Meta will be in trouble if US courts assert accessing pirated books is a breach of copyright.
Authors could lose out
However, authors and creators will feel robbed if US courts set a precedent that training large language models without permission using pirated copyright data is okay.
That outcome remains a distinct possibility, according to Andres Guadamuz, a reader in intellectual property law at the University of Sussex, and editor-in-chief of the Journal of World Intellectual Property.
“The argument goes something like this: the books were not copied by Meta, they took a publicly available dataset, and it was used to train roughly 2.5% of the model internally, this means that the books have not been published, or been made available to the public, and the resulting models are not derivatives of the books,” Dr Guadamuz says in a blogpost.
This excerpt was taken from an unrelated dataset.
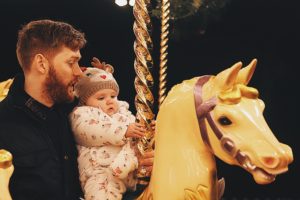 Having fun on the rides with Daddy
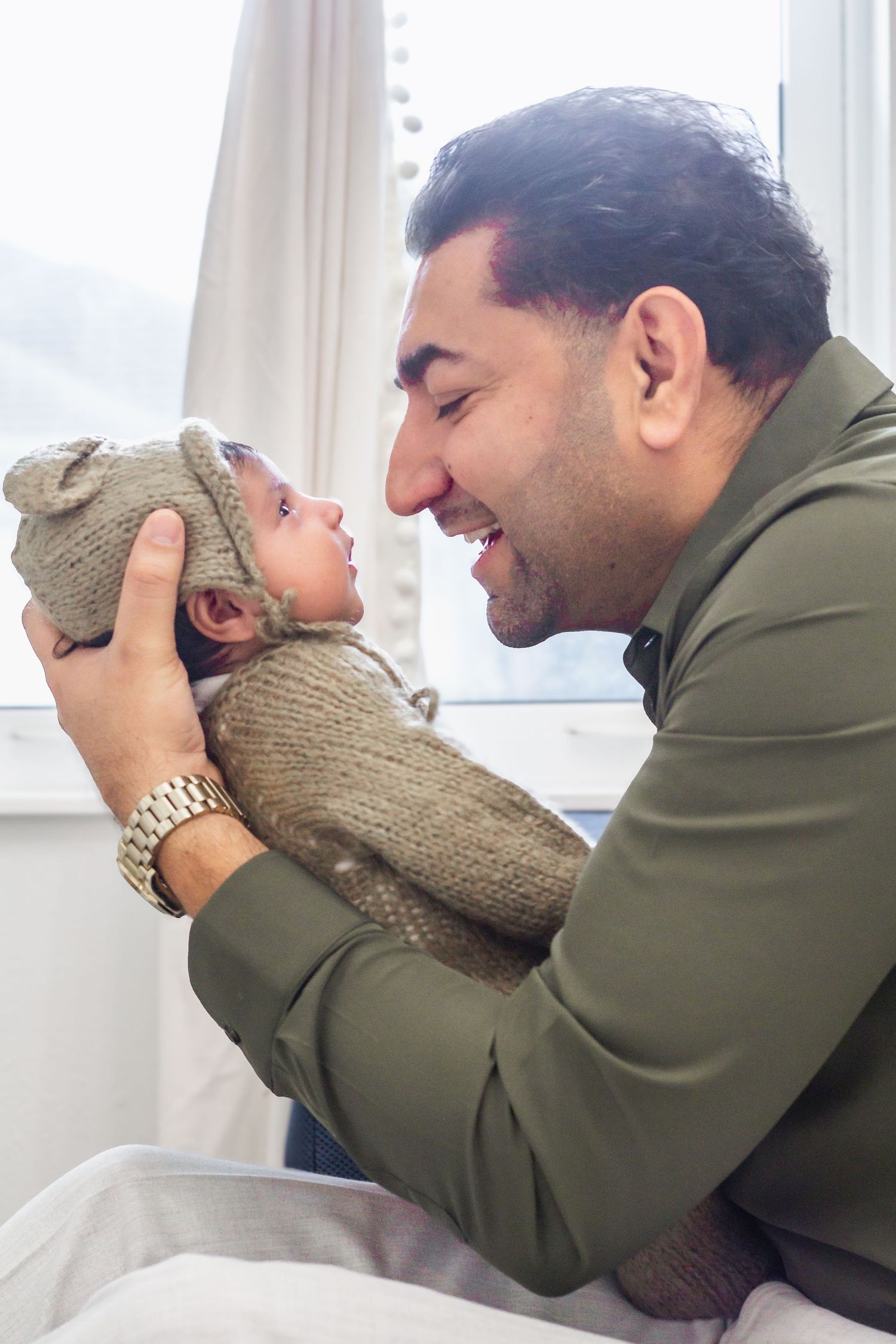 A smiling father holds his newborn baby wrapped in a knit swaddle and bear hat, sharing a tender moment indoors.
“Under this argument, defendants will claim that what they have done amounts to fair use because the resulting models do not contain the copies of the works. Furthermore, they´re likely to argue that the resulting works are not in commercial conflict with any books in the dataset.”
The litigation could go on for years, he says.
There’s an argument circulating online that an AI model scraping a book to improve its language is similar to a person reading a book to improve their knowledge. In both cases the reader benefits from interacting with the text but the book is not replicated or sold. It’s strictly not a copyright breach.
“My guess is that we’re heading towards some form of compensation and opt-out scheme,” says Dr Guadamuz. “We may get quite a few settlements out of court, and we may even get a few decisions, but I think that what makes more sense at the moment is for trainers to pay some sort of licensing, or make agreements with large publishers to gain access to large amounts of text. After all, you only need to do it once per model training.”